Капитан Волоцкой был в то время в Москве, а Горчаков приехал туда в половине марта, и тотчас же приступили к исполнению возложенного на них поручения. Арестованные прибывали ежедневно и в таком числе, что скоро в Преображенском не было уже места для их размещения. Большинство их принадлежало к числу «вралей», не принимавших непосредственного участия в возмущении, а распускавших слухи или передававших чужие рассказы по трактирам и кабакам. Таких арестованных, смотря по важности распространяемых ими слухов и рассказов, делили на две части: одних наказывали, а других освобождали, заставляя присягнуть на верность и отбирая особую подписку в том, что никогда не будут сообщниками мятежников, а, напротив того, окажут им сопротивление и верность законному правительству7.

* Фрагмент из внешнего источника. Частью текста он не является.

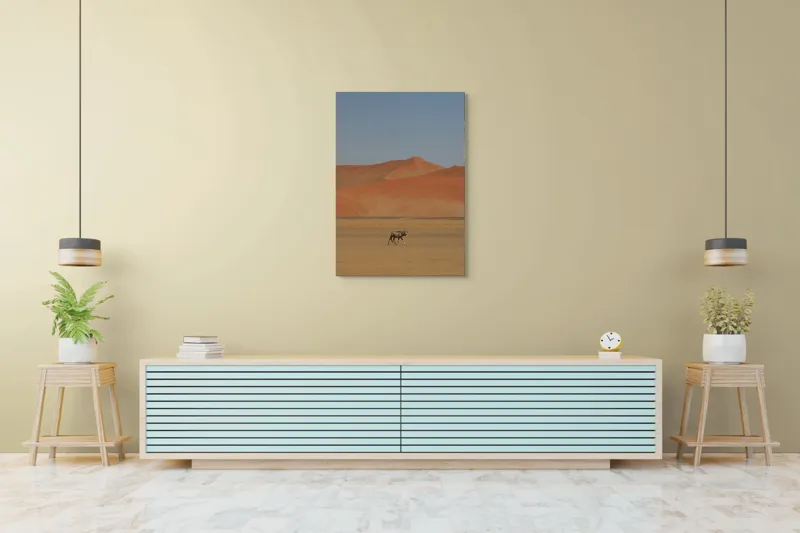 Tablou Canvas, "Oryx singur în deșertul arid", Deșert, Antilopă, Dune, Singurătate, Cer, Ariditate, Natură, Savană., 70 x 100 cm – poza 5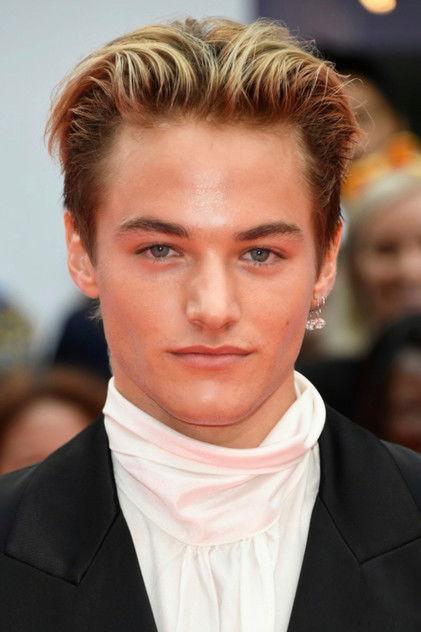 Mitchell Hoog - Actor Profile Photo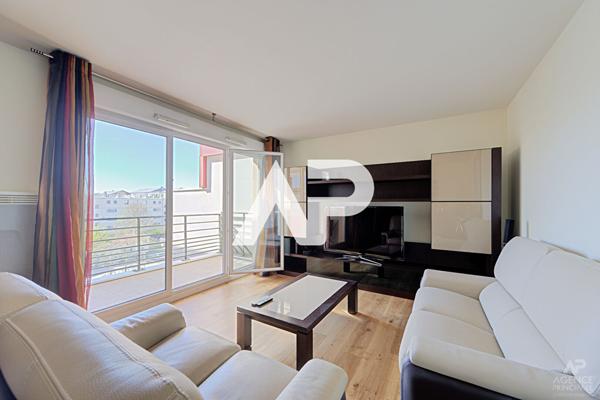 Appartement Rueil Malmaison 2 pièce(s) 59.82 m² 365 000 € ** - Référence 19760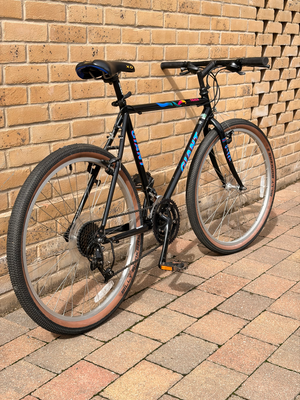 Giant Track 1990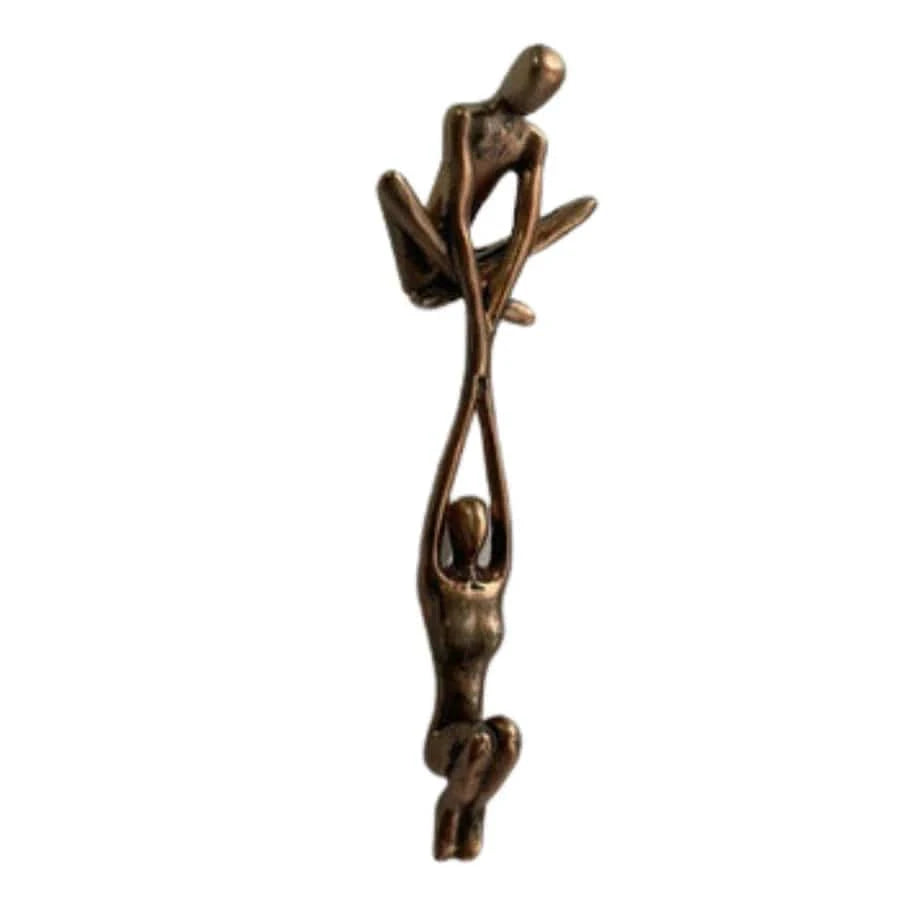 Løftende Par Skulptur - Ornament - Boligindretning - Polyresin Sculpture Statue Danmarkmode.dk
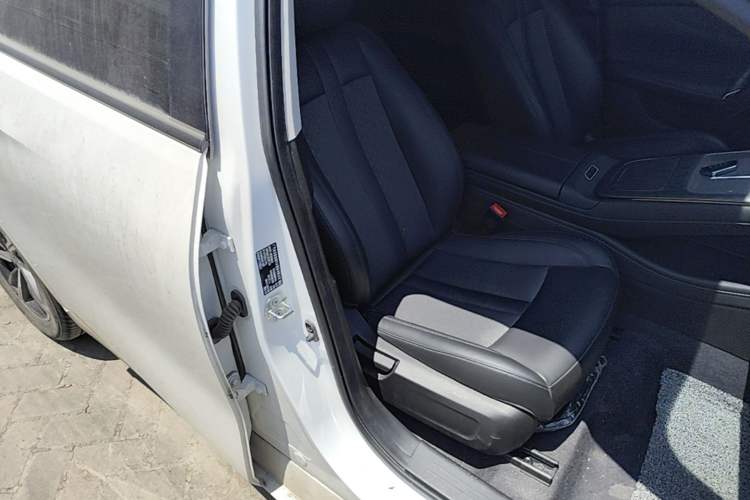 Used AION S MAX 2024 70 Star Edition 54.6 kWh Right Front Seat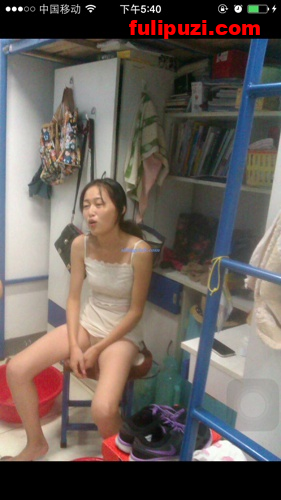 百度云泄密系列29-超多漂亮大学妹子私密照+情侣裸拍+室友私物流出【1750P+1V/5G】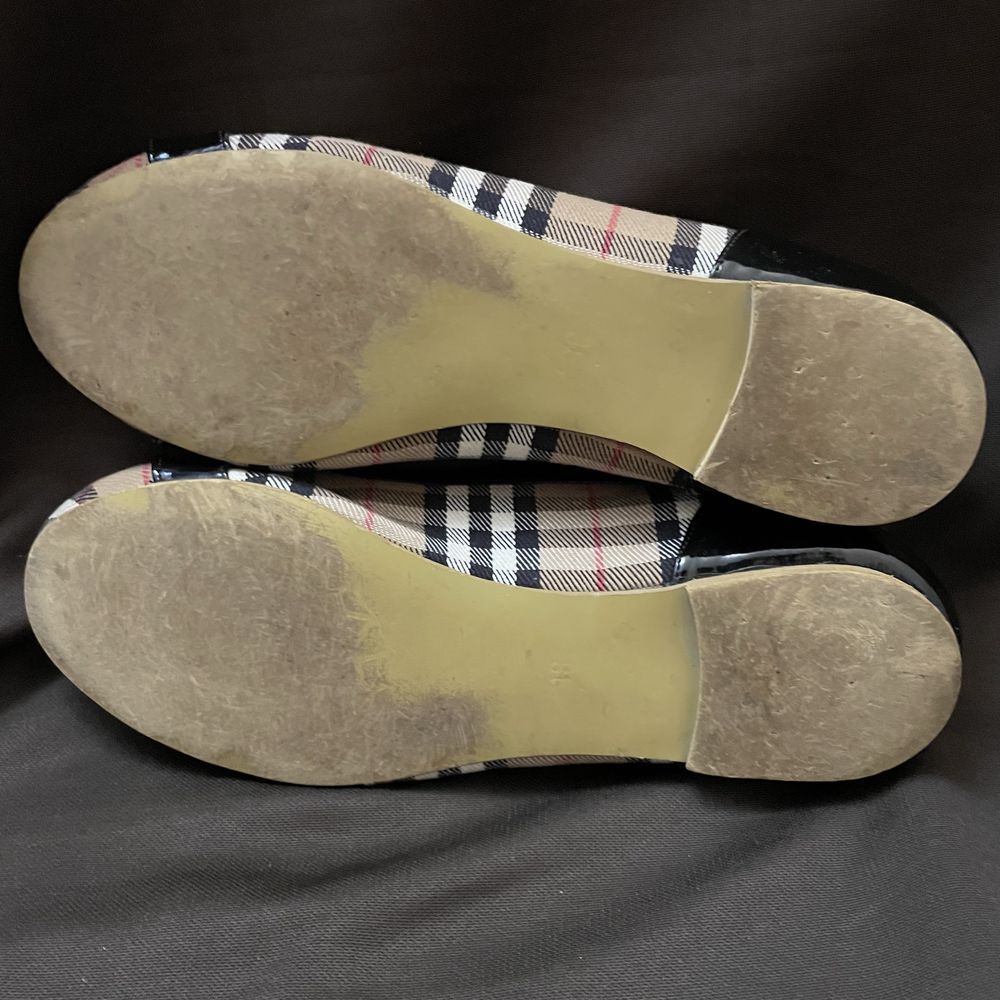 (9/10) Burberry ballet flats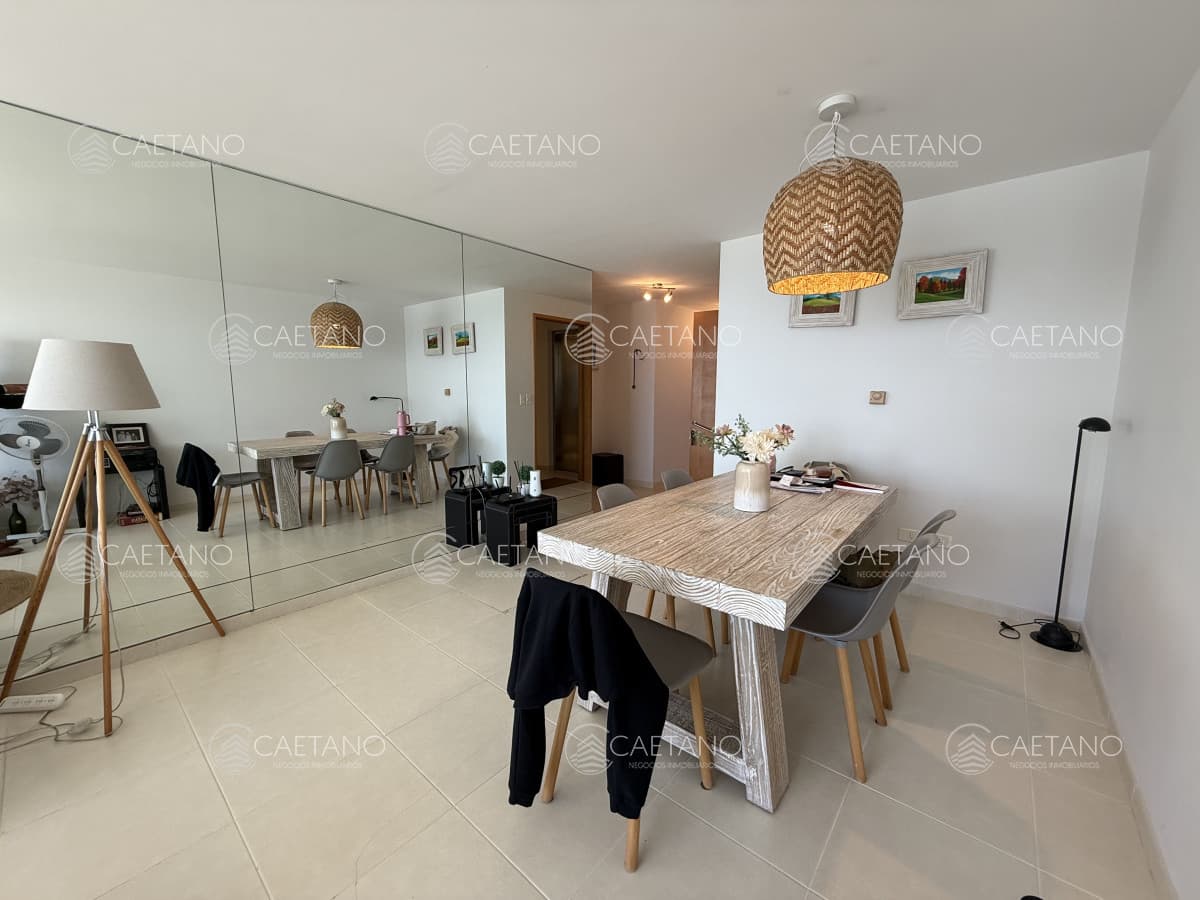 Apartamento en venta 2 dormitorios Playa Mansa, Punta del Este.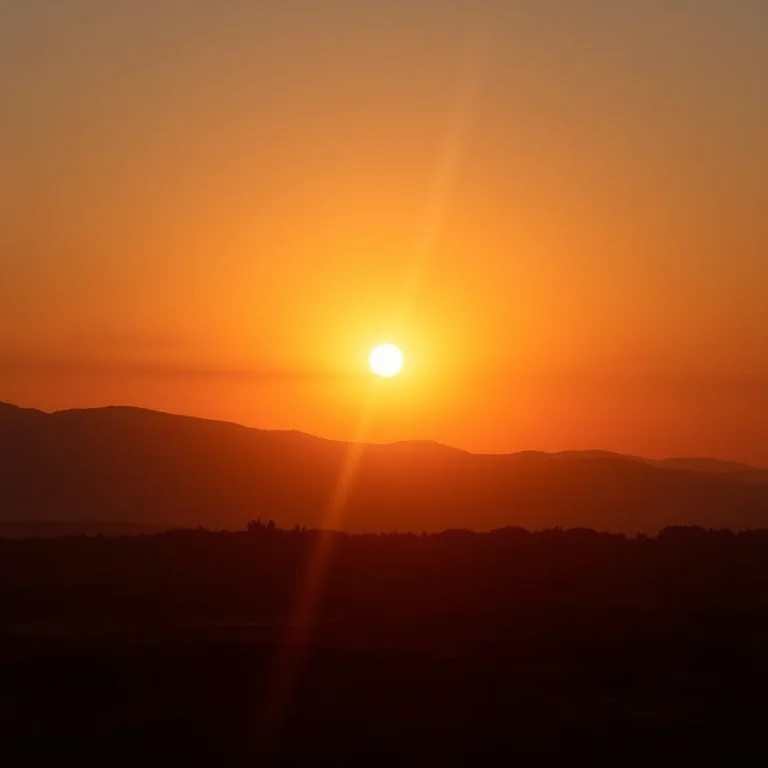 Pôr do sol sobre uma paisagem com sombras longas e luz quente.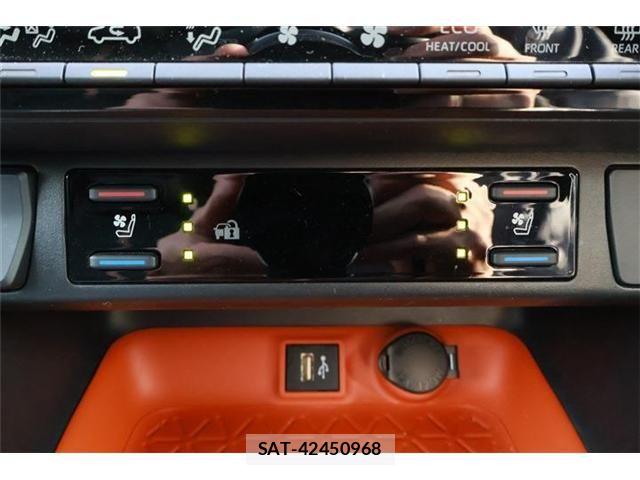 Toyota RAV4 2023-11 7261872-7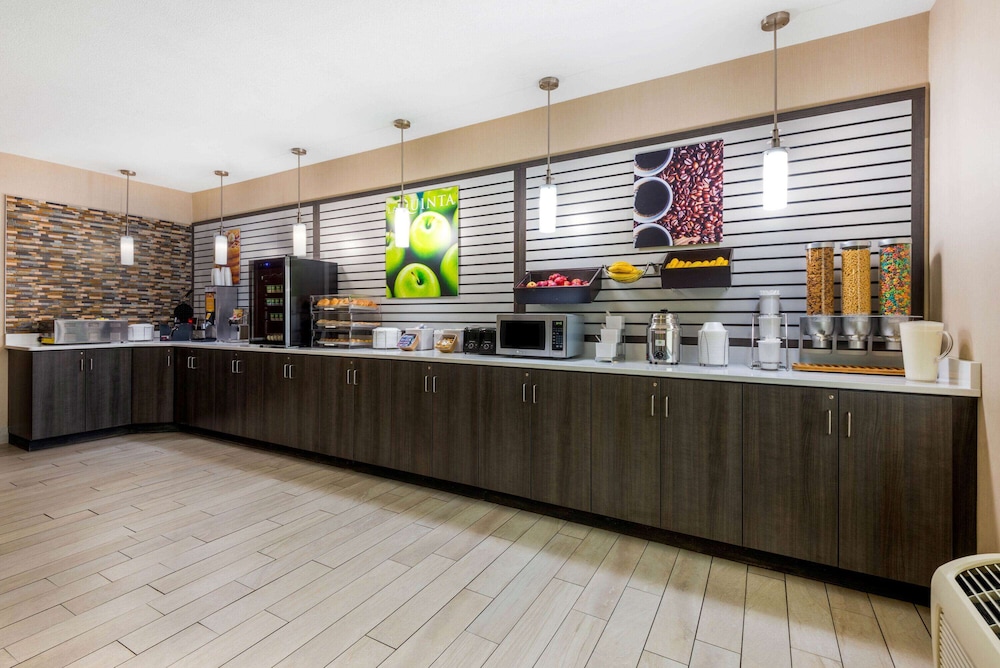 La Quinta Inn & Suites by Wyndham Batavia 7/41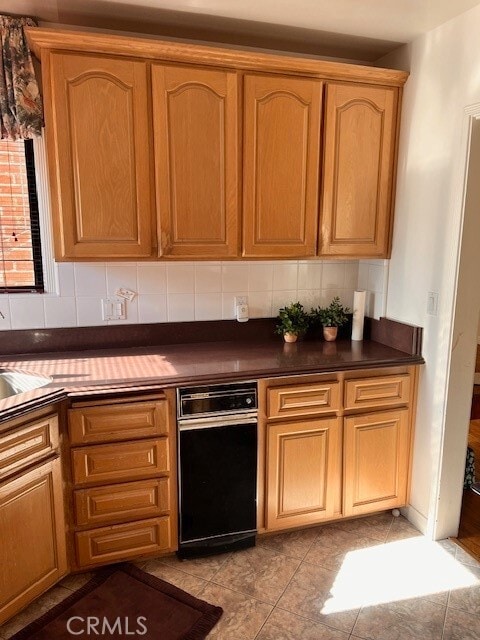 Building Photo - 1054 Mayflower Ave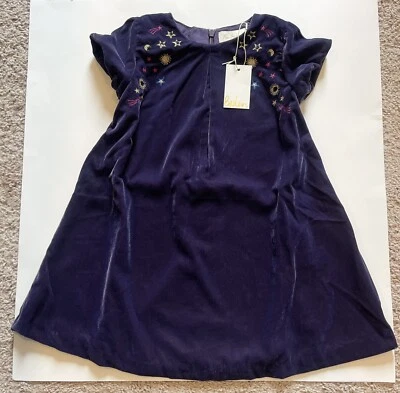 Nuevo con etiquetas Vestido Mini Boden Niñas Terciopelo Bordado Espacial, talla 3-4 años Foto 1 de 4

Вместе с тем, получив известие, что в некоторых местах Сибирской губернии рассеваются «злые слухи, толки и обольщение от самозванца»8, Екатерина признала необходимым вновь обратиться с словами увещания к населению, объятому мятежом, и 15 марта был издан манифест, напечатанный в числе 1200 экземпляров в два столбца: один гражданской, а другой церковной печатью9. Императрица требовала, чтобы каждый удержался «не только от сообщений с ворами, но и ото всякого колебания, ибо таковых непослушных и присяге верности непомнящих людей склонность ни к чему иному не влечет, как к собственной их же погибели и к самой неминуемой изменникам казни, чего разбойничьи сволочи в весьма коротком времени, конечно, не избегнут».

Экземпляры этого манифеста были отправлены и к генерал-поручику князю Щербатову для употребления их по его усмотрению.

Князь Федор Щербатов поступил на службу в 1748 году и 30 июля 1771 года произведен в генерал-поручики. В прусскую войну он участвовал в сражениях при Цорндорфе, Пальцихе и Франкфурте; в первую турецкую войну он находился при взятии города Бендер. В 1771 году, при вступлении русских войск в Крым, он командовал отдельным корпусом, взял штурмом крепость Арабат, занял Керчь, Ениколь и затем оставлен был с своим корпусом для охранения Крымского полуострова10.

В конце 1773 года князь Щербатов был командирован в Казань в помощь А.И. Бибикову и после кончины его вступил в командование войсками, раскинутыми на огромном пространстве и занятыми преследованием мятежников по разным направлениям.

По занятии генералом Мансуровым Яицкого городка ставропольские и оренбургские калмыки забрали с собой жен, детей, скот и в числе до 600 кибиток бежали сначала к Самарской линии. Желая пробраться в Башкирию и соединиться с Пугачевым, они намерены были переправиться через реку Самару близ Сорочинской крепости. Находившийся в Сорочинске подполковник Милкович выслал на переправу 200 человек пехоты с орудием и не допустил калмыков перейти реку. Часть их покорилась, а остальные ушли в степь.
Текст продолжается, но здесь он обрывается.